# took this photo in a petshop so that i could find out later.



## zazz (Apr 5, 2008)

any ideas??? i cant make out the label at all. and the staff havent got a clue what they are selling.


----------



## Rift485 (Dec 3, 2004)

Some sort of Geophagus as far as I can tell.


----------



## zazz (Apr 5, 2008)

thanks :thumb:


----------



## Rift485 (Dec 3, 2004)

Looking again at the sign it looks like it was supposed to say "Surinamensis" which is a species of Geo. Usually anything labeled a Surinamensis is mis-labeled bc those are very rare.


----------



## SinisterKisses (Feb 24, 2004)

Yes, anything labeled Geophagus surinamensis is almost always a similar but completely different species. I think the most common substitute is a G. altifron, but don't quote me on that. There are quite a few "suri" type Geos that look practically identical.


----------



## gage (Feb 7, 2007)

judging by the ones showing color in that tank, i would guess they were altifrons.

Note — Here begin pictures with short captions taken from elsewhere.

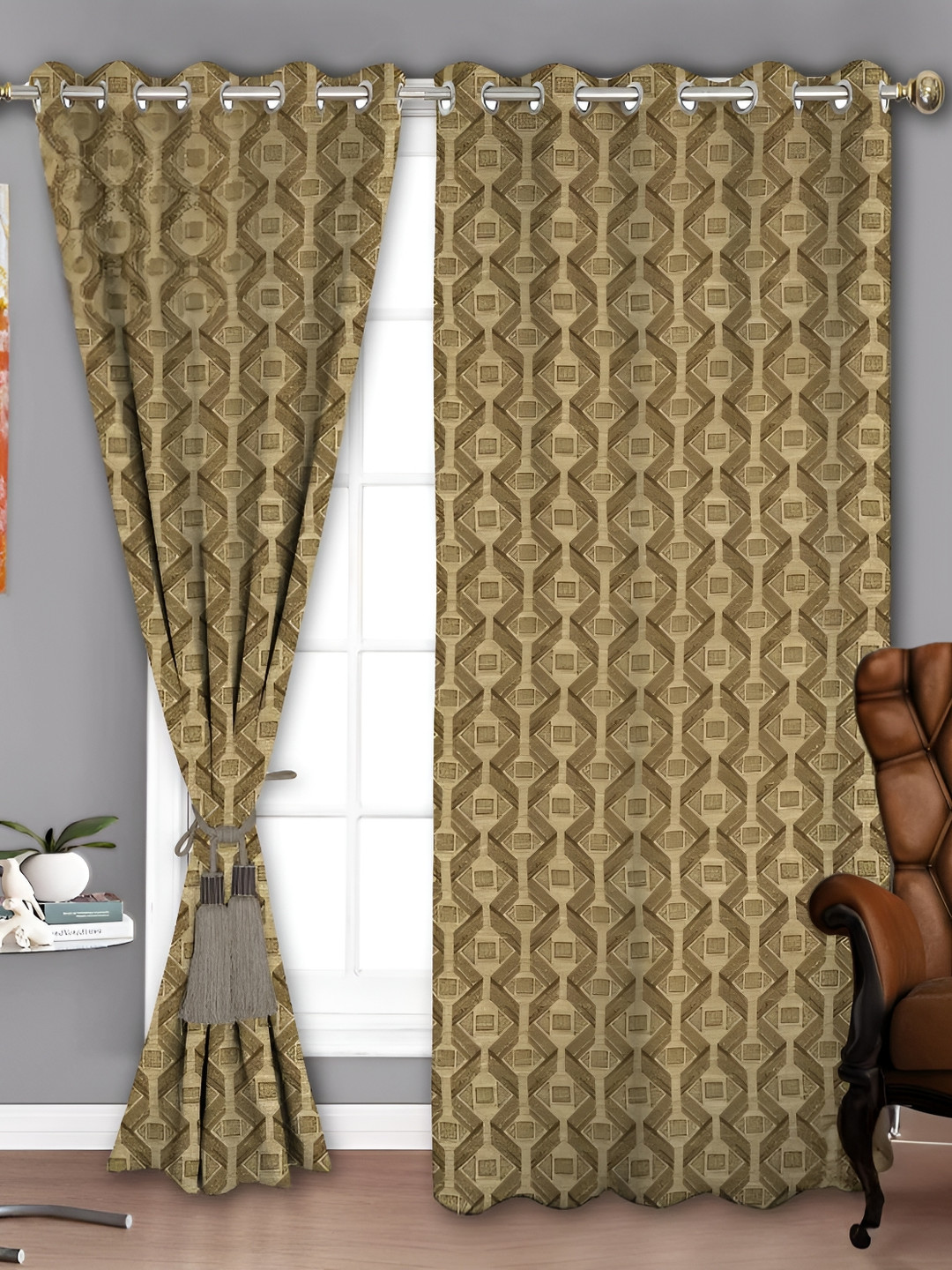 

Parda Sansar Green & Beige 2 Pieces Geometric Printed Room Darkening Window Curtains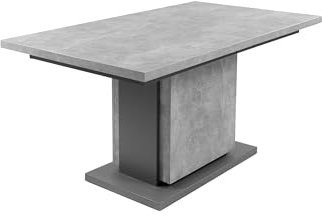 möbelando Tisch >Britta< mit Auszug in Beton-Optik 140-190 x 75 x 80 cm (BxHxT)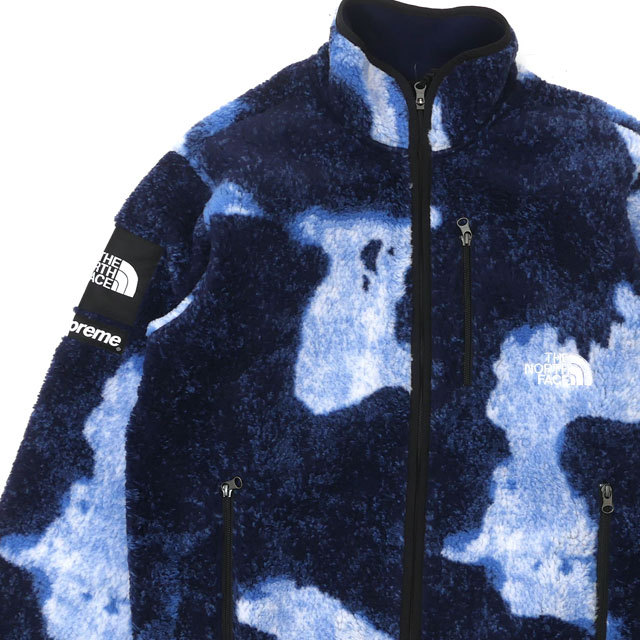 Supreme NorthFace Bleached Denim Print Fleece Jacket シュプリーム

i think your rght SK, i believe altifrons is the common one.


----------



## needmoretanks! (Dec 7, 2006)

just curious......but does that say $100????


----------



## SinisterKisses (Feb 24, 2004)

Lol the OP who posted the picture is listed as being in Asia...so I think it's pretty safe to say that is not in dollars.


----------



## Rift485 (Dec 3, 2004)

I bet they're more rare and expensive over there too.


----------



## needmoretanks! (Dec 7, 2006)

Boy someone needs to be a little more observant!  That does make more sense.


----------